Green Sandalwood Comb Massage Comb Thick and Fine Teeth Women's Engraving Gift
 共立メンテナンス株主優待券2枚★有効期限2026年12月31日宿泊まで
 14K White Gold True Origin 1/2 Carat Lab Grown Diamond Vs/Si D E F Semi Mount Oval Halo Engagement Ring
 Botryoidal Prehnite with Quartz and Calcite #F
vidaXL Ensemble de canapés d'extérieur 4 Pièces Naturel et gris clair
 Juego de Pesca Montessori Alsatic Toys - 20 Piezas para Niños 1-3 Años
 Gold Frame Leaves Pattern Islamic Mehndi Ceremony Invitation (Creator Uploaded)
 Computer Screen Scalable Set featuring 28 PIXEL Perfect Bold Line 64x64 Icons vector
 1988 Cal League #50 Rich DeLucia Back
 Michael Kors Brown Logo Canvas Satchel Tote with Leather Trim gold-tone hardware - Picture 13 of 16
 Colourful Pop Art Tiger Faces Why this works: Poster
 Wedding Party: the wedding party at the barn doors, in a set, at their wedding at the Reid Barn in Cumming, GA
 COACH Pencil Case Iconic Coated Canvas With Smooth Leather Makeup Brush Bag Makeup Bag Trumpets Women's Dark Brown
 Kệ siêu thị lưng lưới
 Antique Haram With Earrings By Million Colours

## [Your assignment]
Reproduce every entry shown above, precisely as it stands.

## [Your solution]
Green Sandalwood Comb Massage Comb Thick and Fine Teeth Women's Engraving Gift
 共立メンテナンス株主優待券2枚★有効期限2026年12月31日宿泊まで
 14K White Gold True Origin 1/2 Carat Lab Grown Diamond Vs/Si D E F Semi Mount Oval Halo Engagement Ring
 Botryoidal Prehnite with Quartz and Calcite #F
vidaXL Ensemble de canapés d'extérieur 4 Pièces Naturel et gris clair
 Juego de Pesca Montessori Alsatic Toys - 20 Piezas para Niños 1-3 Años
 Gold Frame Leaves Pattern Islamic Mehndi Ceremony Invitation (Creator Uploaded)
 Computer Screen Scalable Set featuring 28 PIXEL Perfect Bold Line 64x64 Icons vector
 1988 Cal League #50 Rich DeLucia Back
 Michael Kors Brown Logo Canvas Satchel Tote with Leather Trim gold-tone hardware - Picture 13 of 16
 Colourful Pop Art Tiger Faces Why this works: Poster
 Wedding Party: the wedding party at the barn doors, in a set, at their wedding at the Reid Barn in Cumming, GA
 COACH Pencil Case Iconic Coated Canvas With Smooth Leather Makeup Brush Bag Makeup Bag Trumpets Women's Dark Brown
 Kệ siêu thị lưng lưới
 Antique Haram With Earrings By Million Colours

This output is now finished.